I choke out a sob, “I have. I do. I love you, Eric.”
He let’s out a very human sigh of relief, his eyes closing for a few beats of my heart before looking at me again. “There are no more roadblocks for me, nothing to keep me from you anymore, I removed them all. As of last week I signed New Blood over to Pam. Her first official task as the new president was to send me on a permanent vacation. I’m completely free for the first time in a thousand years. Even if I wasn’t, I’m done with waiting. I want you, I want to be with you. Completely. It can finally be just the two of us with no more distractions to get in our way. Come with me. Please?” he asks.
The hope in his eyes is killing me.
I throw my arms around him, crying my answer into his neck, “Yes. Yes, I’ll go with you.”
He wraps me tight in his strong arms, “You will? You mean it?” he asks, shocked and surprised.
I squeeze him tighter then pull back to look at him, “I mean it, I would love to go. I’m tired of waiting too. We’ve had to wait long enough.”
He kisses me full on the lips, then looks at me with a bright smile, “Thank you. I thought that would be a lot harder.”

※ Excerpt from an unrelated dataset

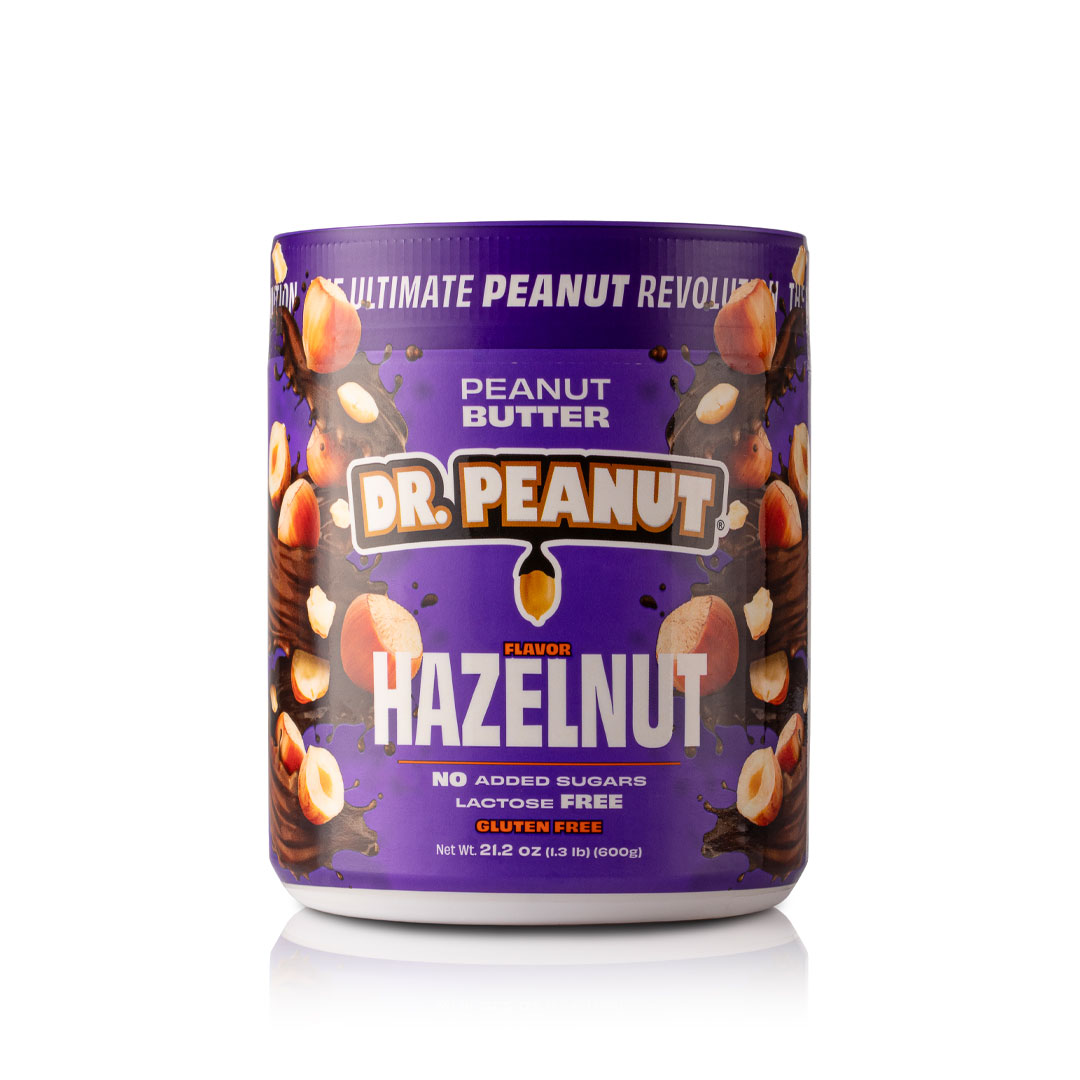 Dr. Peanut Hazelnut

“I’m sorry. That’s my fault.”
“Don’t,” he gently scolds me. “Let’s not dwell on the mistakes we made. We both fucked up and we both regret it. How about we just start over?” he whispers, stroking my cheek with his fingers.

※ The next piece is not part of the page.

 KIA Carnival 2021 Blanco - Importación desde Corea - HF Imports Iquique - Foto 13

“I’d like that very much,” I whimper, my tears returning.
“As would I,” he whispers before pressing his lips to mine for a moment, “I love you, Sookie.”
“I love you too, Eric.”
The last thirty something hours have been a whirlwind.

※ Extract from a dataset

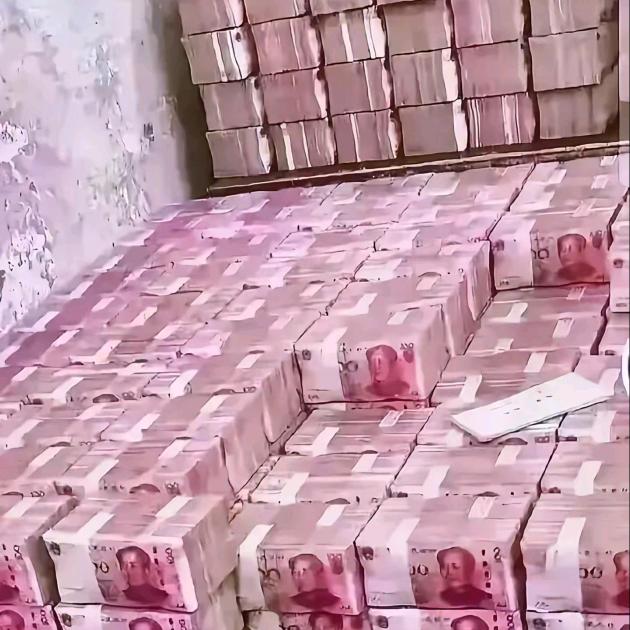 爆富预警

First, Eric insisted that I eat a big plate of the food he cooked while he packed up the rest for me to take with us and cleaned the mess he made. Yes, Eric Northman cleaned my kitchen until it was spotless. It’s a wonder I got any food into my stomach, it kept falling out of my mouth because it was gaped open in shock.
Then I had to hurry and pack, not that I had much to pack other than bathroom stuff and a few clothes. Eric had been teasing about flying the tree here, there was a huge suburban parked outside on the driveway already packed for our trip, including two suitcases full of winter clothes for me. Nothing I had would work for the frigid temps of Sweden in the dead of winter. I have a feeling all I’m going to be wearing is my birthday suit for awhile anyway. Eric is having a hard time keeping his hands off of me, not that I want them anywhere else. Unfortunately we’ve been too busy to take the time to have that kind of reunion yet. Hopefully, tonight when we make it to his cabin though.
We caught a flight from Shreveport just before dawn on Christmas Day. I hated to leave the beautiful tree behind, but he promised me he would have someone go over and pack up all the ornaments and lights for me to use again. Anubis handled getting us from the airport and into our hotel. Eric of course spared no expense and had us staying in a ritzy vampire place. He even came out of his day rest long enough to climb out of his casket and lay down in the bed with me. I don’t know which of us fell asleep faster once we were under the covers and in each other’s arms.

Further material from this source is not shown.